IMI divests stake in UK subsidiary for P425 M


Integrated Micro-Electronics (IMI), the manufacturing arm of the Ayala Group, has sold its 80 percent stake in STI Enterprises Limited for GBP 6 million or about P425 million.

In a disclosure to the Philippine Stock Exchange, the IMI said it has sold its stake in STI together with  the minority shareholders owning the remaining 20 percent in the company.

STI is a private limited company based in the United Kingdom which provided electronics design and manufacturing solutions in both printed circuit board assembly and full box-build manufacturing for high-reliability industries.

The company currently has two factories in the United Kingdom in Hook and Poynton as well as one in Cebu, Philippines and operates a design center in London. IMI acquired its 80 percent stake in STI in 2017.
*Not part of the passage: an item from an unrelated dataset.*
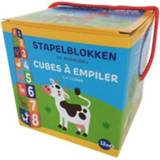 👉 Stapelblok nederlands Stapelblokken - De boerderij (+ 12 m) / Cubes à empiler La ferme 9789044755084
STI was sold to Rcapital, a private investment firm based in London with a portfolio of UK-based companies including precision engineering solution providers in the aerospace and defense sectors.

Closing of the deal will take place after satisfaction of the condition precedent. The parties have agreed on an enterprise valuation of GBP 7.5 million.

“Various geopolitical issues including Brexit, COVID-19 and supply chain issues have delayed STI's ability to achieve the targets we set during its acquisition in 2017,” said IMI.

It added that, “Realizing these targets will require more time, additional funding, and resources that an alternative partner may be able to better provide.”

The firm said this divestment initiative is in line with IMI's ongoing strategy to sharpen its portfolio, focusing on its growth and profitability within its priority markets of mobility, connectivity, and smart energy.

The rationalization of IMI's operations will allow for tighter management focus and capital allocation as the company navigates today's challenging macroeconomic and geopolitical environment.

“The preliminary indicative price discussions show a one-time loss of approximately $84 million, including the impairment of goodwill amounting to $55 million, and a 22 percent reduction in IMI's equity.

Net debt to equity ratio will increase from 0.6 to 0.7, still well within the company's target range.